Dataset extract START
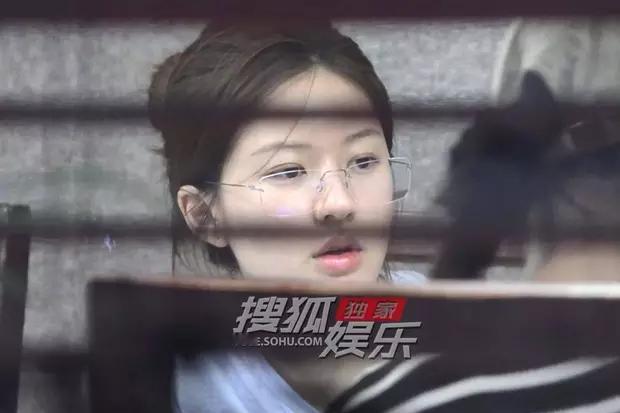 #赵露思素颜与朋友聚餐# 捉到一只可爱露思[赢牛奶]赵露思被拍到和同事聚餐吃烤肉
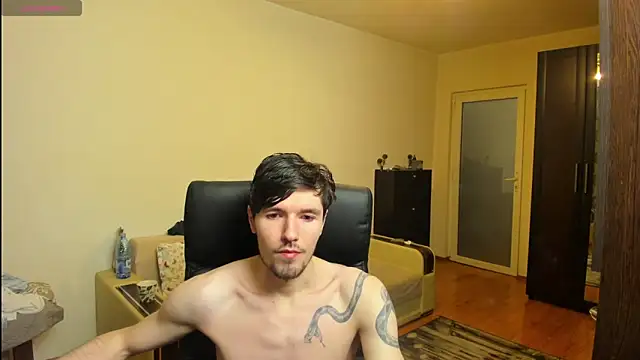 Snapshot of awesomejustin chatting on 02-13-25, 02:56 awesomejustin online show from 02-13-25, 02:56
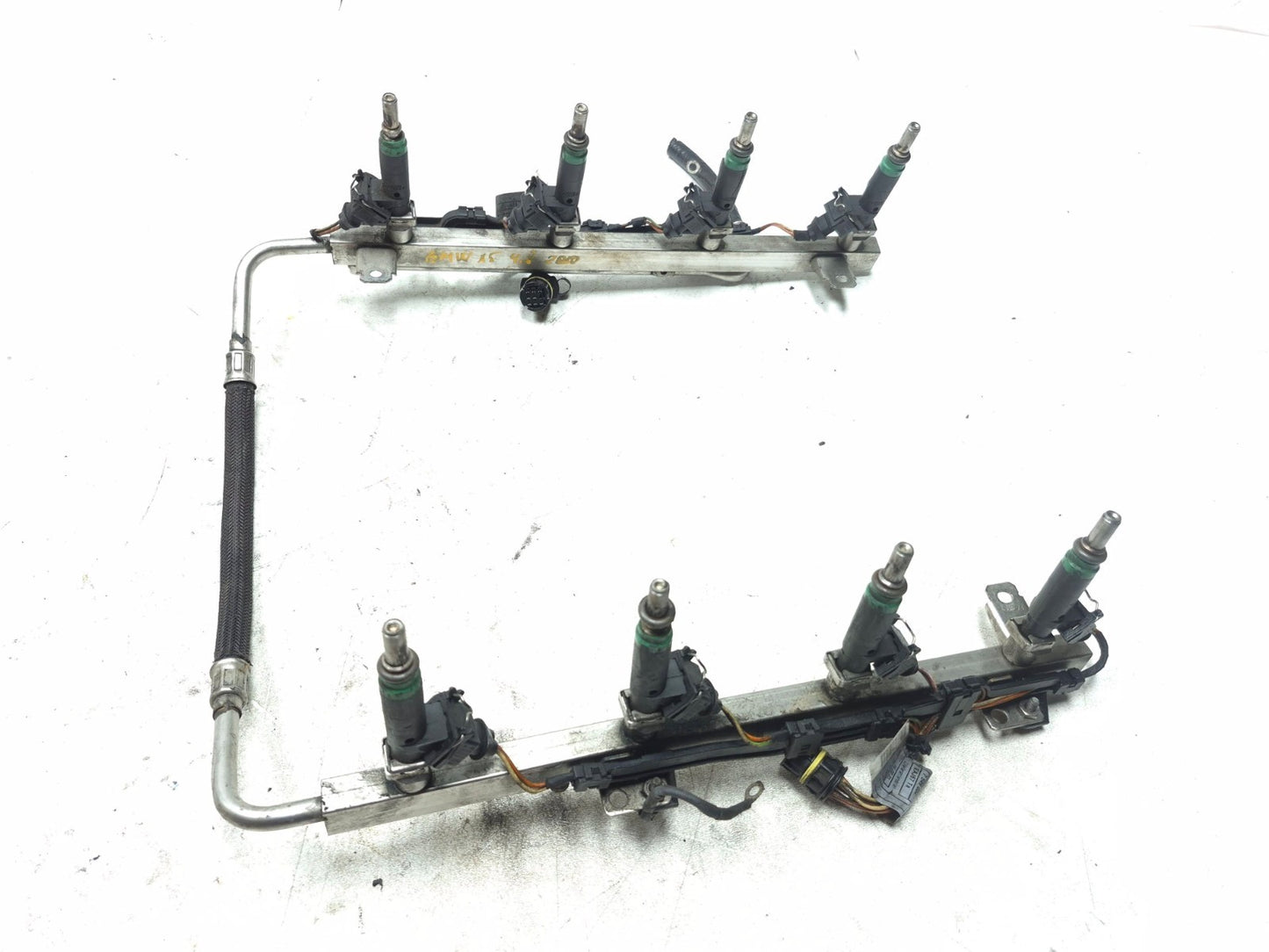 2010 BMW X5 4.8l Fuel Rail W/ Fuel Injector Set OEM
Dataset extract END
### Problem to work on
Repeat the listing above in full, exactly, and omit its pictures.

### Output
 #赵露思素颜与朋友聚餐# 捉到一只可爱露思[赢牛奶]赵露思被拍到和同事聚餐吃烤肉
 Snapshot of awesomejustin chatting on 02-13-25, 02:56 awesomejustin online show from 02-13-25, 02:56
 2010 BMW X5 4.8l Fuel Rail W/ Fuel Injector Set OEM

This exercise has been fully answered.